12.  Commitments and Contingencies

  The Company is involved in various legal matters arising in the normal course
of business which, in the opinion of management, will not have a material effect
on the Company's financial position or results of operations.

  In June 1999, the employment of John Funk, the Company's General Counsel and
Chief Financial Officer, was terminated.  Based on subsequent discussions, it
appears Mr. Funk may maintain that the Company has a contractual obligation to
repurchase his stock if and when the Company meets certain financial performance
criteria.  Management believes that the Company has meritorious defenses against
this and any other claims that Mr. Funk may make in the future, and management
will defend these positions vigorously. However, if Mr. Funk were to prevail on
any of the claims he may make, the Company's liability could be substantial. On
October 27, 1999, Messrs. Sloan, Andrade and Buffett executed an agreement
clarifying that none of them can claim that the Company has a contractual
obligation to purchase their shares. Management is uncertain at this time of the
amount of any potential liabilities resulting from this matter. No liability
relating thereto has been recorded as of the date of this filing.
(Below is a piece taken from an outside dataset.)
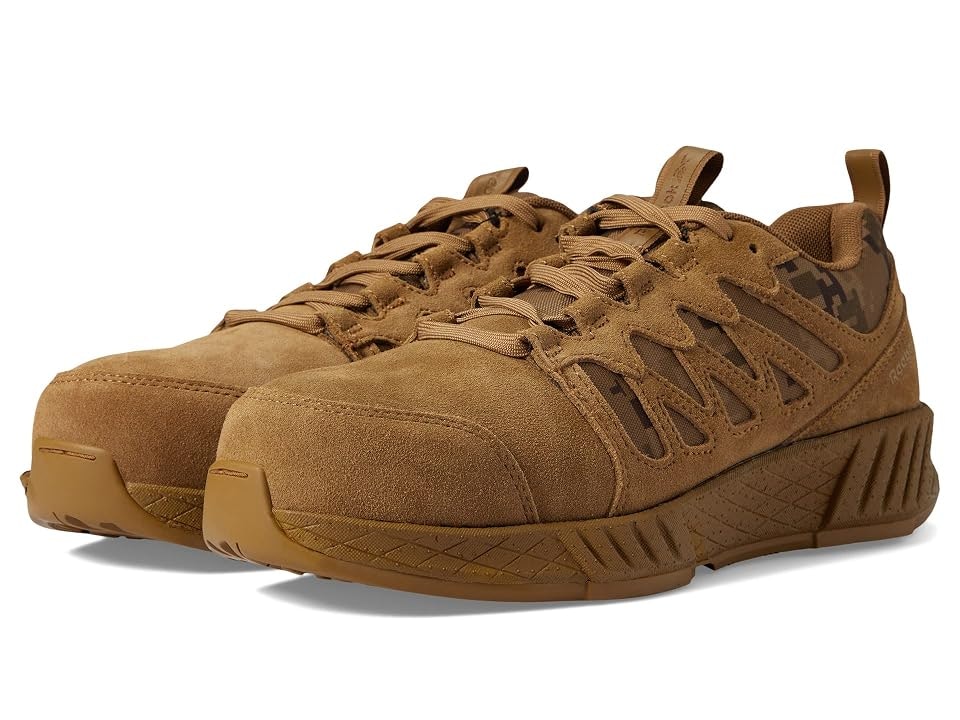 Reebok Floatride Energy Tactical Comp Toe Men's Shoes 8.5 Wide: $110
  The Company has month to month leases for several buildings and paid rentals
in 1999, 1998 and 1997 of $742,189, $852,634 and  $811,245, respectively.  The
Company also leases equipment and vehicles under operating lease arrangements.
Total lease expense related to the equipment and vehicle leases for the years
ended December 31, 1999, 1998 and 1997 was $1.5 million, $2.0 million and $2.7
million, respectively.

  Operating lease commitments for the next five years are as follows (in
thousands):

<TABLE>
          <S>                                    <C>
          2000.................................  $ 1,210
          2001.................................    1,090
          2002.................................      958
          2003.................................      763
          2004.................................      328
                                                 -------
          Total................................  $ 4,349
                                                 =======
</TABLE>

  The Company has an operating lease agreement that requires the Company to
maintain a certain senior debt to EBITDA ratio, tangible net worth and certain
levels of capital expenditures and EBITDA.  The Company was in compliance with
these covenants under the operating lease agreement as of December 31, 1999.
Certain lease agreements are collateralized by a letter of credit of $2.0
million that expires on October 15, 2000.
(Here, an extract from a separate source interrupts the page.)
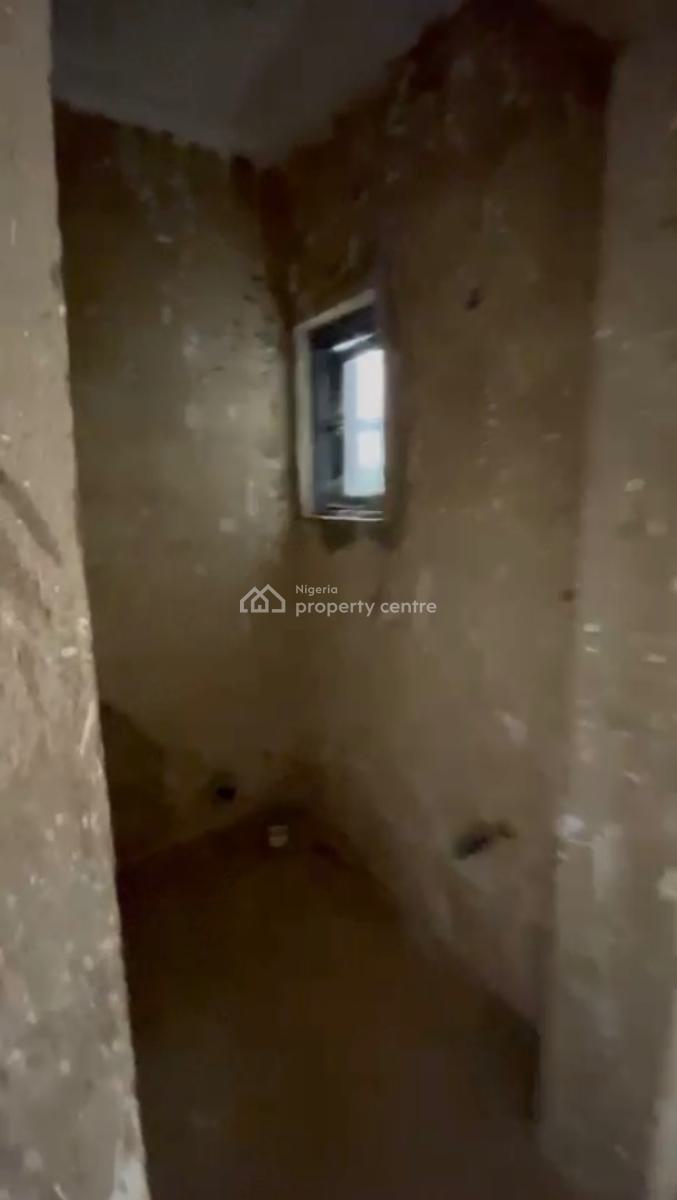 4 Bedroom Terrace, Maitama District, Abuja, Terraced Duplex for Sale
                                       34
<PAGE>

  The Company has two contracts with the Syrian government and one with the
Yemen Company for Industrial Development to manufacture and supervise the
assembly of grain handling systems.  Other current and long-term assets include
$5.4 million and $5.9 million as of December 31, 1999 and 1998 respectively, of
retainage withheld until completion of the projects and the meeting of certain
performance criteria.  These assets are secured by letters of credit totaling
$5.4 million and are expected to be collected by the year 2001.  At December 31,
1999, the Company anticipated that certain contracts would result in losses that
were estimated to be $0.3 million.  These losses have been accrued for in the
accompanying financial statements.

  The Company has entered into employment agreements with certain executives
that provide for minimum aggregate annual payments of $715,000.  The agreements
terminate as of the earliest of : (i) June 6, 2001; (ii) the last day of the
month in which the executive's death occurs; or (iii) ninety days after the date
the Company gives the executive notice of termination.  If employment is
terminated due to permanent disability, the executives will continue to receive
annual salary and other benefits until such time that the executive sells his
stock.  If employment is terminated without cause after December 6, 1999, the
executive will at a minimum, immediately upon such termination, receive a
severance payment equal to the greater of:  (i) eighteen months of salary at the
executive's then current rate or (ii) in the case of certain stockholders, a
range from $375,000 to $594,682.  There is no provision for severance payments
if the executive is terminated without cause prior to December 6, 1999.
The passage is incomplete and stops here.